What is needed here is an exact repetition of the records below, beginning at the line that has "A man smiles" and stopping after the line that has "Chef Taylor Wilde".

BEGIN SUPPLIED MATERIAL

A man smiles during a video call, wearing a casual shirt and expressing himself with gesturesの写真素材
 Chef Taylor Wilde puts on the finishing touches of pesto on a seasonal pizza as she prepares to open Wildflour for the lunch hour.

END SUPPLIED MATERIAL
BEGIN SUPPLIED MATERIAL

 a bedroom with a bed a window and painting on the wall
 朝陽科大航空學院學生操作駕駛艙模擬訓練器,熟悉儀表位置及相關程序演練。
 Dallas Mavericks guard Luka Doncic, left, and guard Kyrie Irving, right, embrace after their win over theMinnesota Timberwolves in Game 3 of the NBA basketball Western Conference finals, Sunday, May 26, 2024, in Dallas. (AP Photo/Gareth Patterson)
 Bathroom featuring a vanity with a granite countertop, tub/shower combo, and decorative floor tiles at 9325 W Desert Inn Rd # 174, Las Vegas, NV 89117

END SUPPLIED MATERIAL
BEGIN SUPPLIED MATERIAL

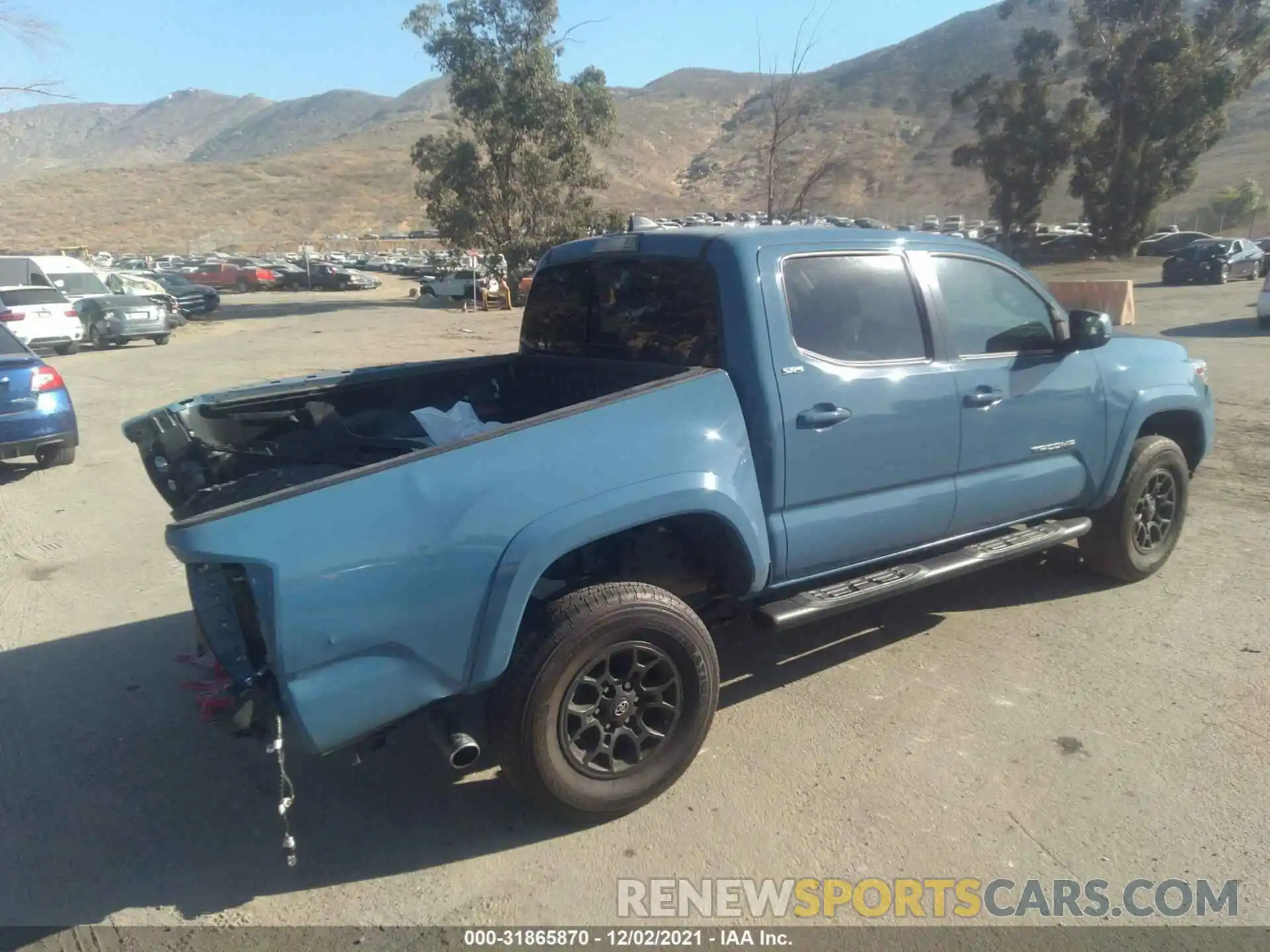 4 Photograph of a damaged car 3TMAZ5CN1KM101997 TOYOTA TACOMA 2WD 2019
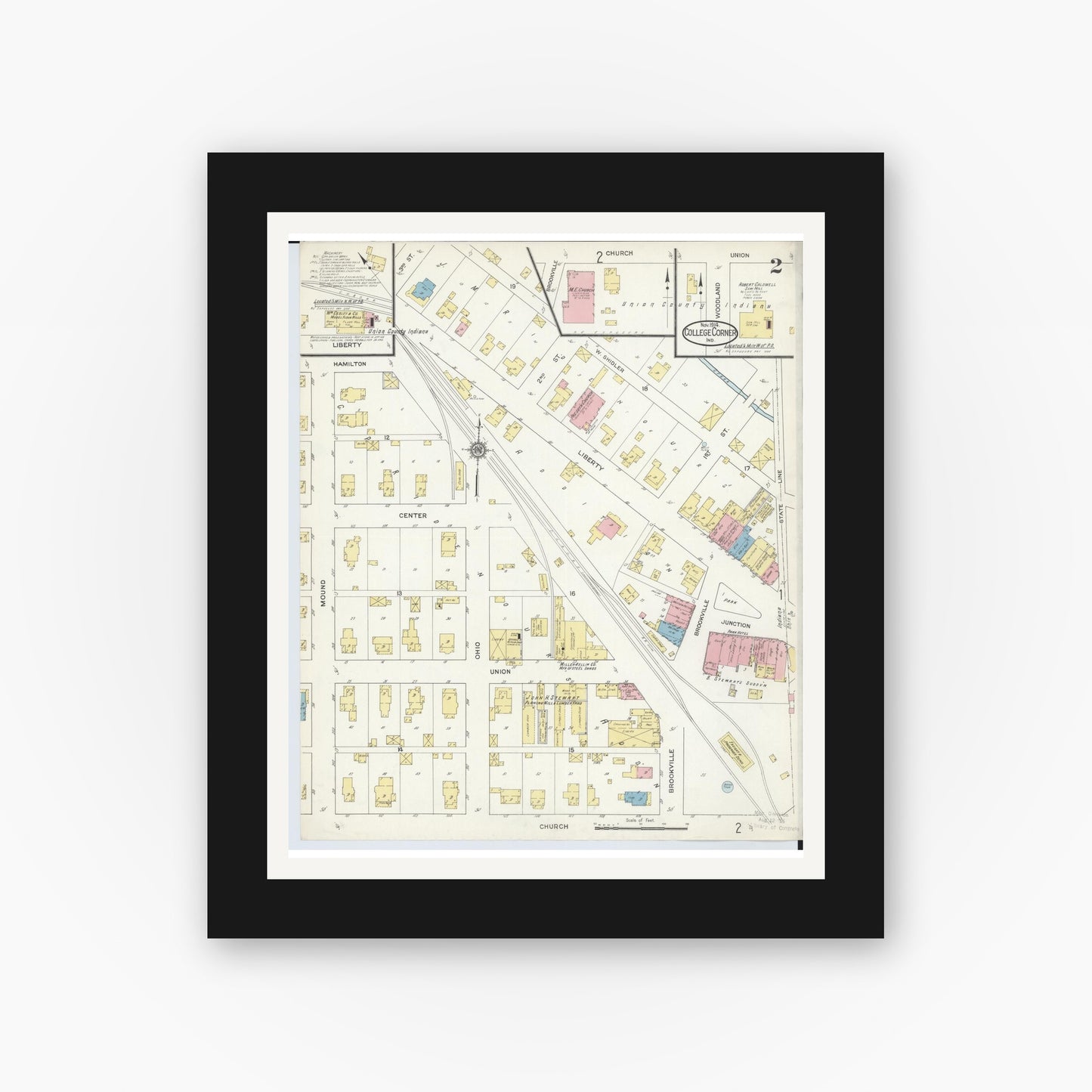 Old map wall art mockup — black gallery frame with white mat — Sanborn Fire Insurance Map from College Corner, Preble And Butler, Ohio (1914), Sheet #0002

END SUPPLIED MATERIAL

**TASK ANSWER**:
A man smiles during a video call, wearing a casual shirt and expressing himself with gesturesの写真素材
 Chef Taylor Wilde puts on the finishing touches of pesto on a seasonal pizza as she prepares to open Wildflour for the lunch hour.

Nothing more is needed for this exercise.